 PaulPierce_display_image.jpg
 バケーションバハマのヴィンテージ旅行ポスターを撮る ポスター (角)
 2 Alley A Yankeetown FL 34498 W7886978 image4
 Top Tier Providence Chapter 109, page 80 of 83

...

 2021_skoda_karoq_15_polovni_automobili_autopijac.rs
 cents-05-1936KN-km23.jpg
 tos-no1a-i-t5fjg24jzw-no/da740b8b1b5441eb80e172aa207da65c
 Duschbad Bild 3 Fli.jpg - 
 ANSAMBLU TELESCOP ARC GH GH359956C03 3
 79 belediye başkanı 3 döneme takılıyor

---

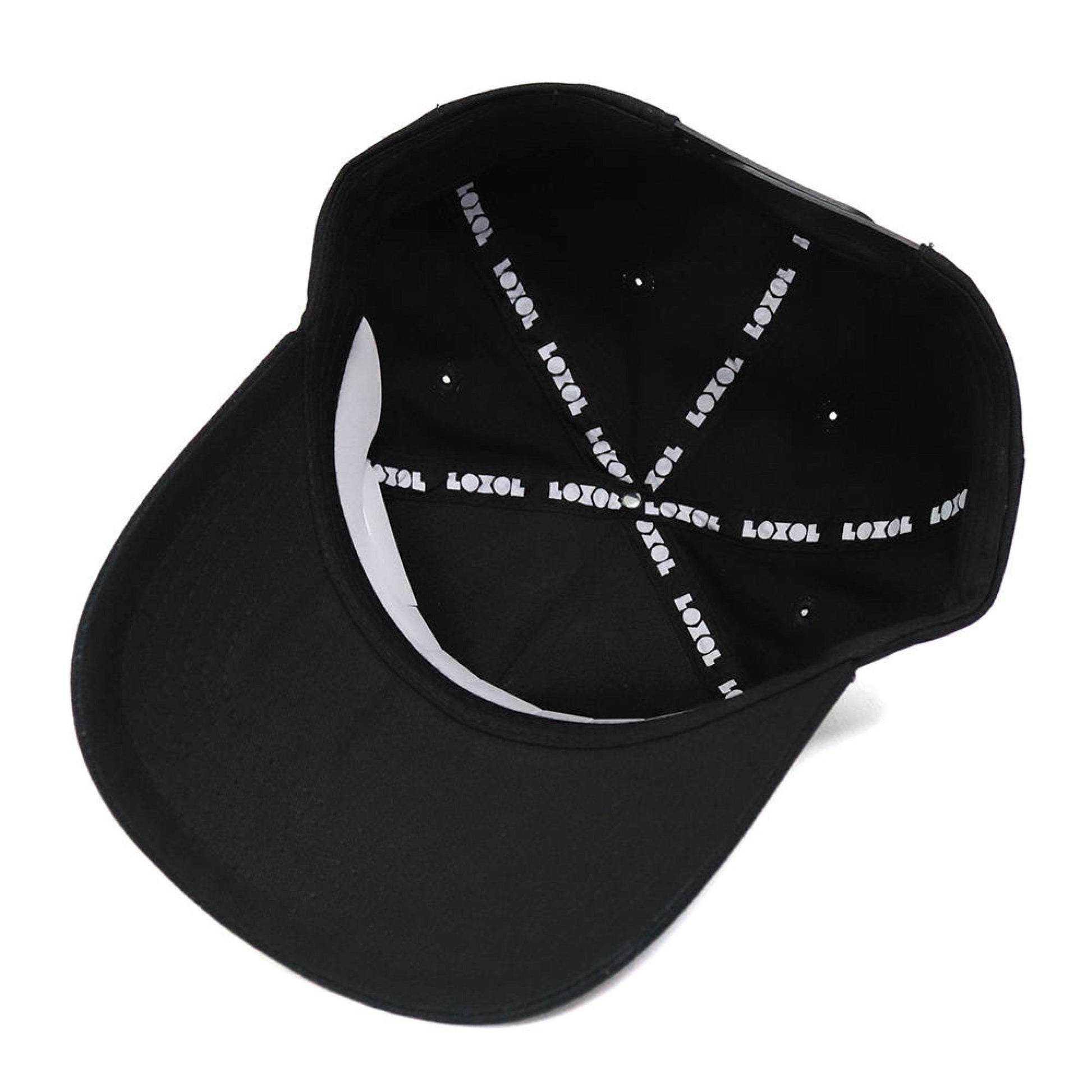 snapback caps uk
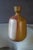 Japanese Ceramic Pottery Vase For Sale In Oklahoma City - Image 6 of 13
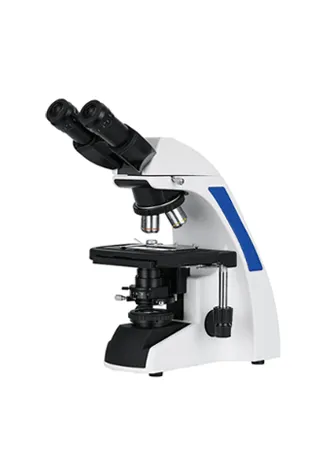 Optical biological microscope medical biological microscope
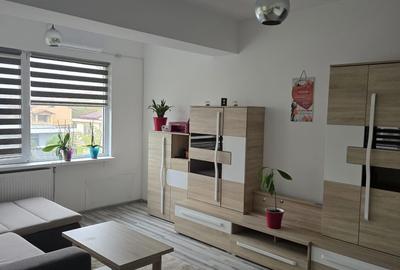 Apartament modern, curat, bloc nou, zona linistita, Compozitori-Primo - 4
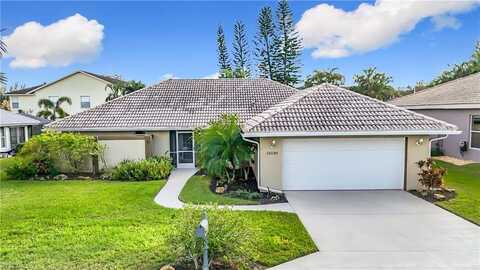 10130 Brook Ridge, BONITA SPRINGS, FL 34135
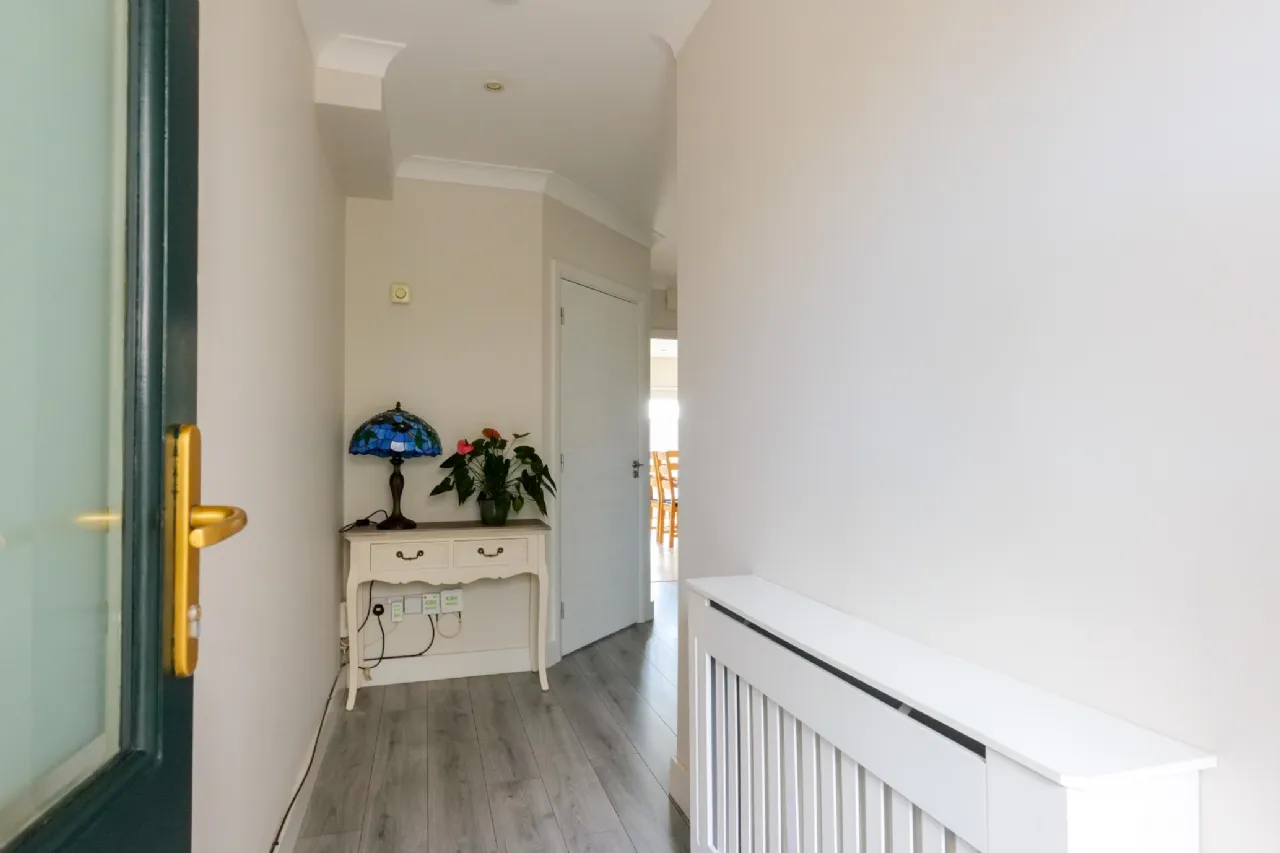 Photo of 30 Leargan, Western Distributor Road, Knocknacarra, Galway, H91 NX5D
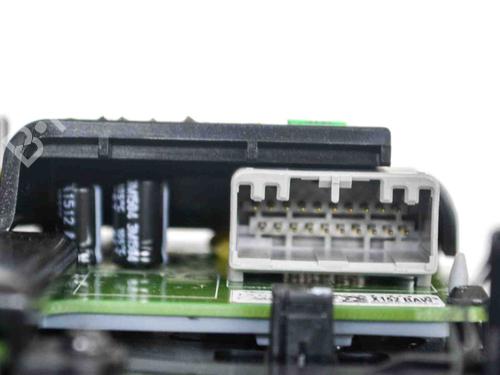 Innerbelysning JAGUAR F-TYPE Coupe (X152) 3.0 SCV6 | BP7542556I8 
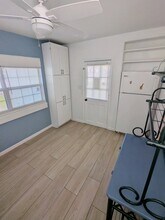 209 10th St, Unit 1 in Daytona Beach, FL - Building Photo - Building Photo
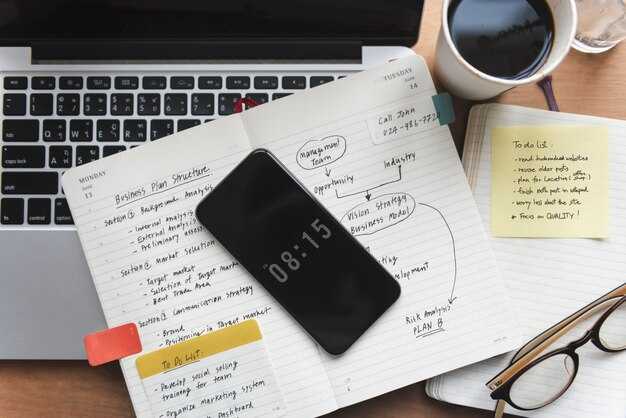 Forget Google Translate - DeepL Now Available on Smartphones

* Assignment: Your task for the entries above: copy exactly the span starting with the line with "Duschbad Bild 3" and going on through the line with "79 belediye başkanı 3 döneme takılıyor", both lines included, and nothing else.

* Solution to this task:
 Duschbad Bild 3 Fli.jpg - 
 ANSAMBLU TELESCOP ARC GH GH359956C03 3
 79 belediye başkanı 3 döneme takılıyor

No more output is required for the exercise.